The Rome-based neofascist group CasaPound said that in effect the ruling authorised them to keep making the salute during their ceremonies.

The 1952 Scelba Law against apology for Fascism and attempting to restore the Fascist party must be used in the case of people making Fascist salutes, said the Cassation.
    The Cassation Court said Article 5 of the law should apply in these cases, which states that "anyone, by taking part in public meetings, stages demonstrations used by the dissolved Fascist party or Nazi organisations is to be punished by detention of up to three years and by fines between 200,000 and 500,000 lire.
    It goes on to say: "The judge, in pronouncing the verdict, may order stripping rights...of the criminal code for a period of five years." More than 10 people are under investigation in a Rome probe into the Fascist salutes made by the many participants at the January 7 commemoration of the 1978 Acca Larentia massacre.
    Over 100 people have been identified in relation to what happened at the commemoration of the Acca Larentia massacre, in which the three far-right youth militants died.
    Far-right groups from many parts of the country made 'Roman' salutes and shouted "present and correct" like Mussolinis blackshirts during the commemoration, and the Rome branch of the DIGOS special security and political police unit is working with police in several cities to identify other people involved during the event outside the former MSI HQ in Via Acca Larentia, which takes its name from a Roman fertility goddess.

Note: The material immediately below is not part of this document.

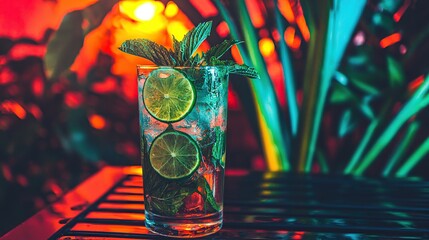 Refreshing Mojito cocktail with mint and lime in tropical setting.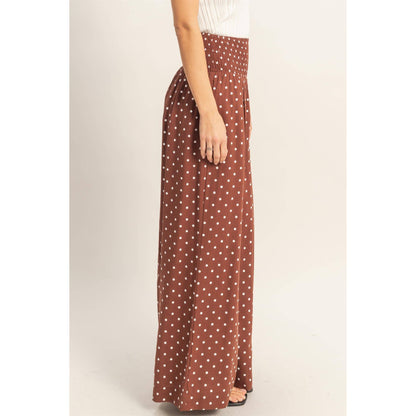 Polka Dot Elastic Wide-Leg Pants (S-L)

    The event was not attended by Premier Meloni's rightwing FdI party, whose roots go back to the MSI.
    Lazio Governor and FdI bigwig Francesco Rocca was present at a separate ceremony in via Acca Larentia.
    Several FdI members have condemned the incident but not Meloni, who has come under pressure to do so.
    Italy's first woman premier, shortly before she was voted in in autumn 2021, once more condemned Fascism for its suspension of democracy and its "odious" racial laws against the Jews.
    She has rejected attempts to over-emphasize FdI's lineage from the MSI, while also rejecting calls to remove the MSI's Tricolor Flame from the party logo, a flame originally representing the one burning over Mussolini's tomb.
    FdI is a member of the European Conservative and Reformists caucus at the EP, a group founded by former British prime minister and current Foreign Secretary David Cameron.
    Other members are Poland's Law and Justice party , the Sweden Democrats, Spain's Vox, Alliance for Germany and the Finns Party.
    In the Acca Larentia massacre on January 7, 1978, two members of MSI's youth wing Fronte della Gioventù, Franco Bigonzetti and Francesco Ciavatta, aged 18 and 19, were shot dead, allegedly by far left militants, outside the party's Rome headquarters.
    A third MSI youth wing member, Stefano Recchioni, 19, was fatally injured by a stray bullet during ensuing clashes between members of the Fronte della Gioventù who rioted after the two deaths, and police.
    The Italian right has claimed no effort was ever made to find the alleged shooters, as allegedly in a number of other cases involving far-right victims.
    Then Fronte della Gioventù leader Gianfranco Fini, later a foreign minister in Silvio Berlusconi's second government from 2001 to 2006, was wounded by a police gas canister.
    Fini caused a row in 1994 by initially calling Benito Mussolini the greatest statesman of the 20th century before some time later, in 2003, calling Fascism "absolute evil".
    Fini in 1995 turned the MSI into a more moderate party, National Alliance (AN), which was later subsumed into Berlusconi's Freedom Front, in 2009, before Meloni set up FdI four years later, in 2012.
    It was polling at around 4% of the vote in its early years but surged in popularity more recently after remaining in opposition to all recent governments, of all stripes.
    It polled just under 30% at the September 2021 general election and is still that high thanks to Meloni's popularity.